In Moomoriam (Gone to Greener Pastures)

Vamsi ki jai!
by Devaki dasi
We lost our dear friend Vamsi on Sunday, 11/30/08. She died in the early morning hours before sunrise, during the auspicious time when mangala-arati was going on at the temple. Fortunately the night before was warm and pleasant, with the tree frogs quietly peeping in the trees and the stars shining bright. Vamsi had been up and walking around during the day on Saturday, but when I came in the evening she was lying on her side and breathing very slowly. I piled some hay up under her head and chanted to her for a while until she closed her eyes and went to sleep for the night.

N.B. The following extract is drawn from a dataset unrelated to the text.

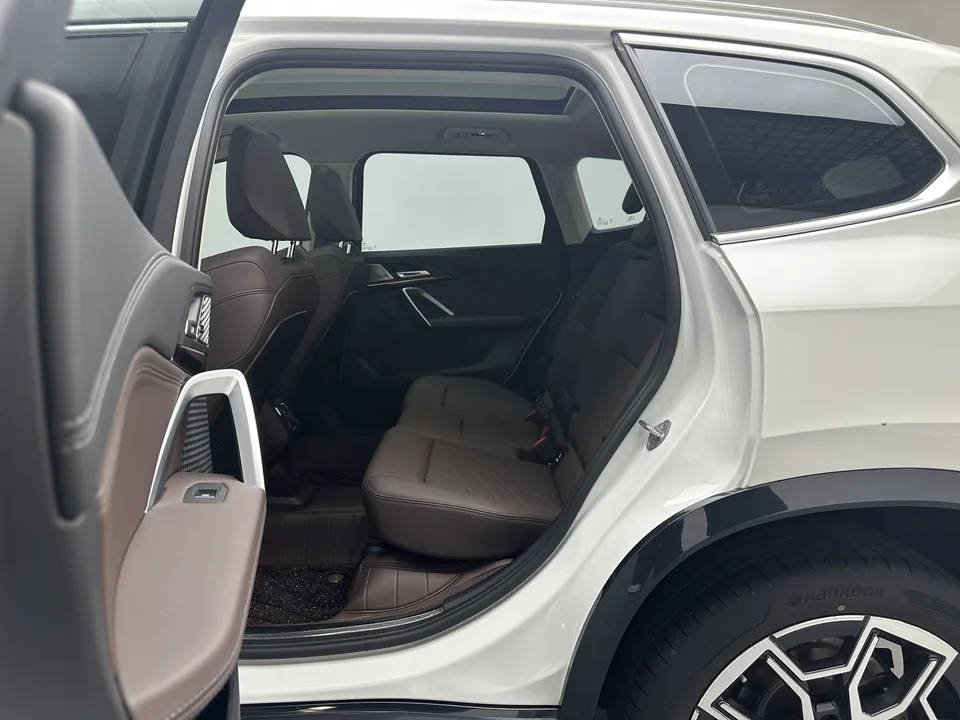 BMW X1 BMW X1 2023 sDrive25Li X Design Package 2024 — thumbnail 5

Vamsi was born at New Jaipur, a devotee farm in Louisiana, sometime in 1987. That means she was over 21 years old (about 100 when converted to “cow years”). When that farm project disbanded in the early nineties, she came to Save the Cow at New Raman Reti along with some other cows. Vamsi was a Devon cow, which is one of the oldest breeds in the U.S. originally coming from England. If you look at old photos of the wagon trains heading west you will see a lot of Devon oxen pulling the wagons. Vamsi was our last Devon cow except for Rati, who, along with her son, Chakra, has been cared for by Nagaraja and Pranada at their place for the past 15 years. That makes Vrindavan and Mayapur, two oxen at the farm, the last of the Devons at New Raman Reti.

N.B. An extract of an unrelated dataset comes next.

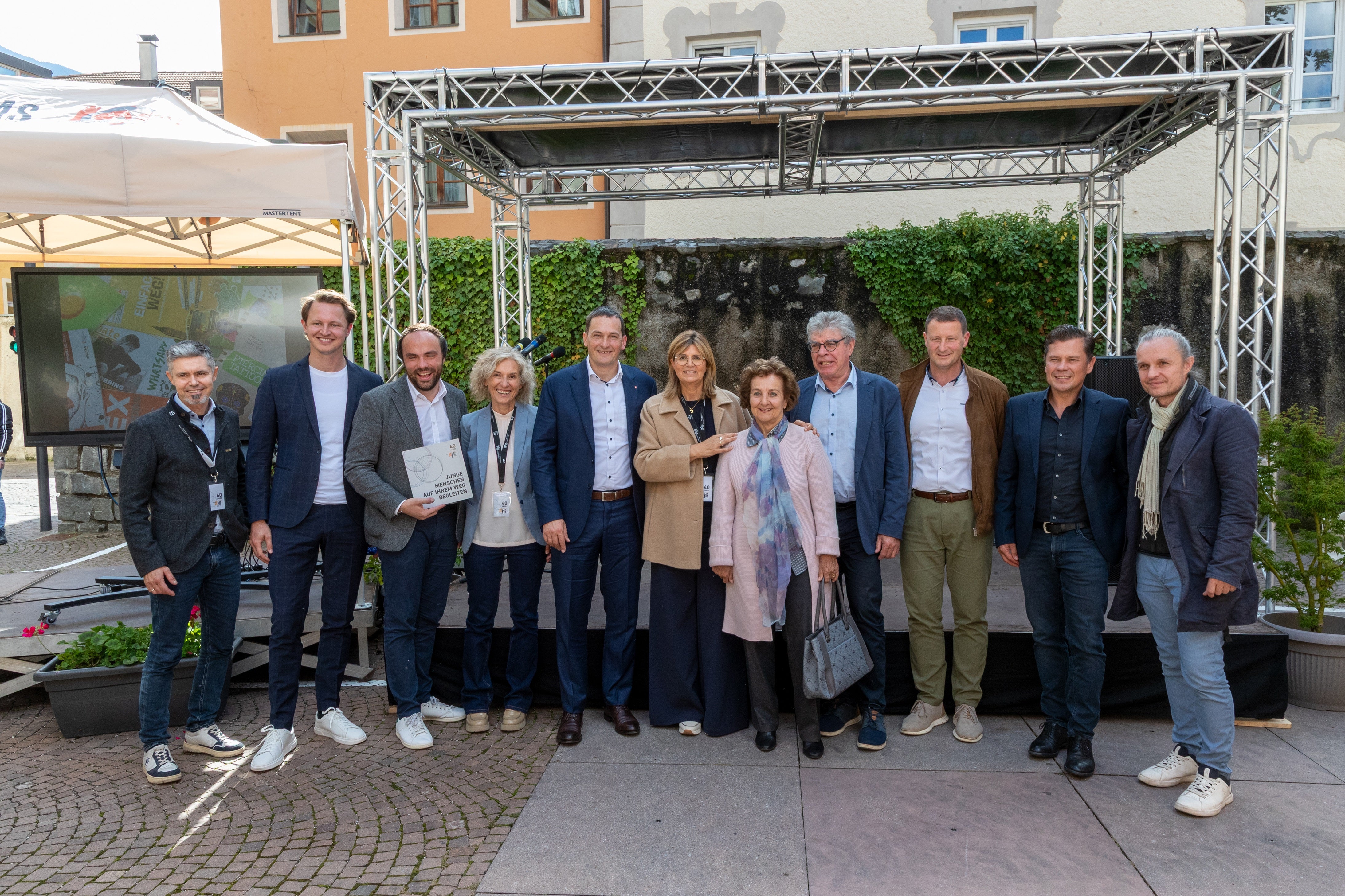 Beim Tag der Offenen Tür im Jugendhaus Kassianeum in der Brunogasse in Brixen haben Mitarbeiterinnen und Mitarbeiter, Wegbegleiterinnen und Wegbegleiter sowie Gäste aus Politik, Verwaltung und Jugendeinrichtungen gemeinsam auf die bewegte Geschichte des Vereins zurückgeblickt gefeiert, was ihn ausmacht: Nähe, Vielfalt und Vertrauen. (Foto: LPA/Ingrid Heiss)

Vamsi had been going blind for the last year and a half. She was kept in the small pasture by the barn and she knew where everything was by memory. She would zigzag her way from fence to fence, up and down the pasture. I think she could still see light and shadow because when I turned on the lights at night she would immediately head for the barn and bellow for her grain. She was separated from the other cows since they are not always kind to their elders. Cows can be pushy and we were afraid she would get hurt. She was a gentle old cow that liked to play by pushing her head against you.

In her younger days, Vamsi was the “Queen of the Herd,” despite her small stature. She wouldn’t let anyone push her around and could hold her own even with the big oxen. She would stick her head under their chests and pound on them until they ran away. We saw her do this many times. Seeing her run was also quite a sight. With her neck stuck straight out she looked like a rhinoceros galloping in the field. She will be missed.